Colombo Fashion Week will take place across multiple locations on Galle Road, it’s a new format”, says Ajai Vir Singh, Managing Director, CFW Holdings.

Colombo Fashion Week (CFW) returns from March 6th to 9th 2024, for its 21st edition, marking a significant milestone and promising a future brimming with innovation for the fashion industry of Sri Lanka. This year the platform focuses on multiple locations around Colombo to make the city come alive, as it’s also an apt time for travelers to experience the creativity and cultural richness of Colombo.

Since 2003, CFW has played a pivotal role in reviving, guiding, and building pride in Sri Lanka’s fashion industry. From humble beginnings featuring a handful of designers, it has blossomed into a thriving ecosystem embracing sustainability and empowering young talent. More than 80% of today’s leading Sri Lankan designers are the product of CFW’s development system, a testament to its impact.
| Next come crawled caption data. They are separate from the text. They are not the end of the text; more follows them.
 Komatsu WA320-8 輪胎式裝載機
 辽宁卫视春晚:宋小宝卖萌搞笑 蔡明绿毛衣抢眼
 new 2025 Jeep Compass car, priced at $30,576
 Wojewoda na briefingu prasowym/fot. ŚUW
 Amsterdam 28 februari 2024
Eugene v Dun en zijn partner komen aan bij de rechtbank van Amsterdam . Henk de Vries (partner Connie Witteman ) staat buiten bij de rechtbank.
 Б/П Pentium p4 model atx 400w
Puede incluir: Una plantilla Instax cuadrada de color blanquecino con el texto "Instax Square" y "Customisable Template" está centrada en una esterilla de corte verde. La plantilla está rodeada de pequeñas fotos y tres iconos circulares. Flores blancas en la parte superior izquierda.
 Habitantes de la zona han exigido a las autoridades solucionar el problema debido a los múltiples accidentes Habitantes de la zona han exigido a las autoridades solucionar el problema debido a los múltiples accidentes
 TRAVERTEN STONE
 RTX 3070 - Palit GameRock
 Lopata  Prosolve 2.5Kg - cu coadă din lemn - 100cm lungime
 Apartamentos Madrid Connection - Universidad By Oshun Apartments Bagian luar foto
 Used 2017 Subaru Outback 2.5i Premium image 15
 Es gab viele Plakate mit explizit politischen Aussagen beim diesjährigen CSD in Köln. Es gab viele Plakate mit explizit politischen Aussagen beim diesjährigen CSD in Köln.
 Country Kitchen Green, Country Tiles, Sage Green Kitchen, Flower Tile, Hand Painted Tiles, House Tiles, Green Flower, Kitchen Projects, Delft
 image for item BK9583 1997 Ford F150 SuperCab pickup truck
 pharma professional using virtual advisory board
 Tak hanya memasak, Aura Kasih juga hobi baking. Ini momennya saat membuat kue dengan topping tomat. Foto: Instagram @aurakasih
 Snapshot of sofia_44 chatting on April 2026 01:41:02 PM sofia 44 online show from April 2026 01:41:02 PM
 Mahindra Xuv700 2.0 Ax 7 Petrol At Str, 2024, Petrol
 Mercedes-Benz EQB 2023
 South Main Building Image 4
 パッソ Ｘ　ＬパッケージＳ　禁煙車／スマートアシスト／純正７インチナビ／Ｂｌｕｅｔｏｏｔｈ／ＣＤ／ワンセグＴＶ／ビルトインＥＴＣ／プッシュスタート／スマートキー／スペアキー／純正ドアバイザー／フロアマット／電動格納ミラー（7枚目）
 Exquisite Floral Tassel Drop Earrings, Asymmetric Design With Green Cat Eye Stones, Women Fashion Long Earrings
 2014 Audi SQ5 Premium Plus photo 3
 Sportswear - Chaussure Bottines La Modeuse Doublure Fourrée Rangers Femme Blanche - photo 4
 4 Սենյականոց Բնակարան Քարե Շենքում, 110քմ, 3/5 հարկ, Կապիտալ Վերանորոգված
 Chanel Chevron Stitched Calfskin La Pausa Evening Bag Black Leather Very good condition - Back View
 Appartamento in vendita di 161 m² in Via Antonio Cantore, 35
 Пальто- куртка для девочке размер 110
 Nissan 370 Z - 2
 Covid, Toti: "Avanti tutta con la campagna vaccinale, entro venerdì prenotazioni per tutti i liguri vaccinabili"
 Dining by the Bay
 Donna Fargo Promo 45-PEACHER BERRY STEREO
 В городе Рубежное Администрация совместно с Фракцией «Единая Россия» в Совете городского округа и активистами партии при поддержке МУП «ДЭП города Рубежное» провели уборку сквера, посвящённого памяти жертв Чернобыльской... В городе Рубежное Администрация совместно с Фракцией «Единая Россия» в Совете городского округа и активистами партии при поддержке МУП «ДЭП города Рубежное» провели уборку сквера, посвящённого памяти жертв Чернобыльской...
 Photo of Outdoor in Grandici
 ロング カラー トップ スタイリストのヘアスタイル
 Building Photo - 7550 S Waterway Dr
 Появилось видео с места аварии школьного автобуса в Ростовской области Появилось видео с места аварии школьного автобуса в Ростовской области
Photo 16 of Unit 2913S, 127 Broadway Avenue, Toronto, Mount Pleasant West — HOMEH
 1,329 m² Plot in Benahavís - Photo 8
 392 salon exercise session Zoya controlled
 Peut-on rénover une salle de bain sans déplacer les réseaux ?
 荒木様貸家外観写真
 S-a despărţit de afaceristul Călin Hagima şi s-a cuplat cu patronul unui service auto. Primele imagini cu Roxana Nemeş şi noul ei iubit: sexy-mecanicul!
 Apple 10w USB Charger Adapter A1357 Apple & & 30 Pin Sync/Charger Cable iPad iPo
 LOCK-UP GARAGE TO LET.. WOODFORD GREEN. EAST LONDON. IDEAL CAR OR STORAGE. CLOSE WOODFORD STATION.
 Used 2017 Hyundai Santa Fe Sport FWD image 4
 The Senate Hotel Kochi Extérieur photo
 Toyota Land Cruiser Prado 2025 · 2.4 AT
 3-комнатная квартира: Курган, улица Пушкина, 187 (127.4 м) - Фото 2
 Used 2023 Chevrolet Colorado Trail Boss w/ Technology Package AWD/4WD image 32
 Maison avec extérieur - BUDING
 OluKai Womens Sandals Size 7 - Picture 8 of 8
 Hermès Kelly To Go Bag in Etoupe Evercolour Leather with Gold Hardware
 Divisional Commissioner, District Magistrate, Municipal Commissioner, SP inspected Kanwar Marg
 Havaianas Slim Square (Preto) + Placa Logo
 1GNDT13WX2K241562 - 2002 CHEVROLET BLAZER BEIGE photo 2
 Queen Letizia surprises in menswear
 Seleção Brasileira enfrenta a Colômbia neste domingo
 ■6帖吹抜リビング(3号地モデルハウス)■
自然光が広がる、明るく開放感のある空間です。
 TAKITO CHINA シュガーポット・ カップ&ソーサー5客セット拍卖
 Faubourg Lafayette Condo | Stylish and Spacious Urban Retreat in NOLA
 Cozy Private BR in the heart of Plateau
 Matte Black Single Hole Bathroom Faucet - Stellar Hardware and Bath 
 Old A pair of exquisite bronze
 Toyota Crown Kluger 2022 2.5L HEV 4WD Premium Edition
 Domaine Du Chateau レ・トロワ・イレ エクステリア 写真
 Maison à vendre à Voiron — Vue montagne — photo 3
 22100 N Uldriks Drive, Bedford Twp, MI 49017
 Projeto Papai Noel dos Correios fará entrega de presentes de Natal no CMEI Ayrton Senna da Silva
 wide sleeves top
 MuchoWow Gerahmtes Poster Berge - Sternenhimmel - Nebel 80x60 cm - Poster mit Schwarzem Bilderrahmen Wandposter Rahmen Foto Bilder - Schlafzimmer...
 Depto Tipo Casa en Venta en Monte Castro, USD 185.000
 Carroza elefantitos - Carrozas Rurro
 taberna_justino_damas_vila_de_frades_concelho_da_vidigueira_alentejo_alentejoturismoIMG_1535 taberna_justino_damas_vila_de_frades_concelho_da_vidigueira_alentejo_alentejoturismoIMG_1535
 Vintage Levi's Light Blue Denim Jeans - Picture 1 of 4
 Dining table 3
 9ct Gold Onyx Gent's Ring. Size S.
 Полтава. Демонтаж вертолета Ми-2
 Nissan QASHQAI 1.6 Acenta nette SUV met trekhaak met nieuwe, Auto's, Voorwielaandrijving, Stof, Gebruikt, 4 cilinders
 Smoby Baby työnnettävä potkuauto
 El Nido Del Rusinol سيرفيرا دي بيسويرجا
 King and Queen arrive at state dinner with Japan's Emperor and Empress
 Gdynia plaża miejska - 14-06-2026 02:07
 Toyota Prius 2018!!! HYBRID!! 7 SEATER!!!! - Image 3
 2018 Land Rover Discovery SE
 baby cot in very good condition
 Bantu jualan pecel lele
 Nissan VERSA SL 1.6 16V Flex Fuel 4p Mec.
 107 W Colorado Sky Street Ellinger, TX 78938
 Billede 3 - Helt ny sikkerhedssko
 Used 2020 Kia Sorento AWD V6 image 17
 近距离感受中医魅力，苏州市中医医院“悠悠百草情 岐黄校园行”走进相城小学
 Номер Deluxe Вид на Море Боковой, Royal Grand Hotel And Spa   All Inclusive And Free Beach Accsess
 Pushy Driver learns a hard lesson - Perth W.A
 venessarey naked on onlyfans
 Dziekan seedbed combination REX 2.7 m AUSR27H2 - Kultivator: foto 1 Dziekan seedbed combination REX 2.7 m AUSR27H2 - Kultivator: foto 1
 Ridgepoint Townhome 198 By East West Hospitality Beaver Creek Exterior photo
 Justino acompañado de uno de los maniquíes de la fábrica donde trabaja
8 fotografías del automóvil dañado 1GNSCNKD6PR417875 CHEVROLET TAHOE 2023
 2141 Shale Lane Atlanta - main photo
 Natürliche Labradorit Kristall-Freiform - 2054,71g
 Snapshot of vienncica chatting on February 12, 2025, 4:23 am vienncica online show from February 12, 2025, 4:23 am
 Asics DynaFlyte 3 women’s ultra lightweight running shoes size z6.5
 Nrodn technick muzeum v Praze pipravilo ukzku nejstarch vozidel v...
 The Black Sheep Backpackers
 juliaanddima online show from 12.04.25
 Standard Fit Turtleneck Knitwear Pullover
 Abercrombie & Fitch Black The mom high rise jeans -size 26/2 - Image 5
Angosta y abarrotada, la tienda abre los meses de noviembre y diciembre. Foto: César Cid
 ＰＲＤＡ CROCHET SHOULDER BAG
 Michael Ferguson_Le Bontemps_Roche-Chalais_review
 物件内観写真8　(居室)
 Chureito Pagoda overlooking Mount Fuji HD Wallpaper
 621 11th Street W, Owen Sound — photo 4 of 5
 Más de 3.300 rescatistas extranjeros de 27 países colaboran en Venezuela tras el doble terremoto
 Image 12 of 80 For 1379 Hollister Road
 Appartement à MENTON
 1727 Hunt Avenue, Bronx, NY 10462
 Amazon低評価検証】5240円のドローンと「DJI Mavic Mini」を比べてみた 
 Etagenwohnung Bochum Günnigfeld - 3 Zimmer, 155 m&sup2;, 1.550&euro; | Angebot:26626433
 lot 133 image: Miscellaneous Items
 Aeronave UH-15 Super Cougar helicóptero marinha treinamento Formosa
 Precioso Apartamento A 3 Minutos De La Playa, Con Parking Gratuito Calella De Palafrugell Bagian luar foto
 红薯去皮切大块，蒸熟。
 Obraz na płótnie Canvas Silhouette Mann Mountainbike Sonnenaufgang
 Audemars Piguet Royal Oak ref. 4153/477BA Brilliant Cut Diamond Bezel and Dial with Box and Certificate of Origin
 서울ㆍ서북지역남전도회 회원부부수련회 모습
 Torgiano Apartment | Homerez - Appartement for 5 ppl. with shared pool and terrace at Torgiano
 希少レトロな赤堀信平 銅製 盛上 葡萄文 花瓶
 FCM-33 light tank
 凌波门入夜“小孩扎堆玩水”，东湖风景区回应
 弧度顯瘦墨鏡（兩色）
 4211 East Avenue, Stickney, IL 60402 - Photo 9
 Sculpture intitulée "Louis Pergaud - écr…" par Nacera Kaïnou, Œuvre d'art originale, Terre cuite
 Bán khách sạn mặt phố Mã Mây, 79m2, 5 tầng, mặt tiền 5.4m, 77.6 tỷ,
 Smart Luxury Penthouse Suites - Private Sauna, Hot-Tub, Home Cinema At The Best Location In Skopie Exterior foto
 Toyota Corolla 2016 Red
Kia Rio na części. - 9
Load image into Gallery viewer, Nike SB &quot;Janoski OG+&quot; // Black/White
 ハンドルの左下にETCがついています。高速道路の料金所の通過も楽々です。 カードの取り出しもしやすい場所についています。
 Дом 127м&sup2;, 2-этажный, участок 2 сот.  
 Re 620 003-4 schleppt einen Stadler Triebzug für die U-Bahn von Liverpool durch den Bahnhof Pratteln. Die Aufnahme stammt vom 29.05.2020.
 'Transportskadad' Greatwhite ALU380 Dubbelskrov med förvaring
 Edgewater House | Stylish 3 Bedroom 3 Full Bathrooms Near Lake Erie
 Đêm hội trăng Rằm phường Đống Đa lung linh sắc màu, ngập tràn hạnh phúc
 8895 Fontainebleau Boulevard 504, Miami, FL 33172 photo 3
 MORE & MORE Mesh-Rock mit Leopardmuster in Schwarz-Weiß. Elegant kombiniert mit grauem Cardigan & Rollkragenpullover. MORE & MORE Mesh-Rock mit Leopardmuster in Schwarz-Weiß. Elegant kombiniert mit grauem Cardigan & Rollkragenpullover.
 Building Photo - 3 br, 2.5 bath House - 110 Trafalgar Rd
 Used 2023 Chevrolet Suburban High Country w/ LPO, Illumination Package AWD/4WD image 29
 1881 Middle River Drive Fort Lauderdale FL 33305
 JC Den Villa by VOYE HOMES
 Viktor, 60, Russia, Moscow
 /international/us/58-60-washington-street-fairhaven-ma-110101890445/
Under the leadership of Managing Director Ajai Vir Singh, CFW has championed sustainability, introducing initiatives such as Ethical Fashion Day, the Responsible Fashion Summit, and the innovative tool, Responsible Meter. These efforts have positioned CFW as a leader in ethical fashion globally, attracting renowned designers from Europe, Australia, and South Asia, alongside esteemed Sri Lankan designers, fostering knowledge exchange, and showcasing the burgeoning talent of Sri Lankan designers alongside established industry names.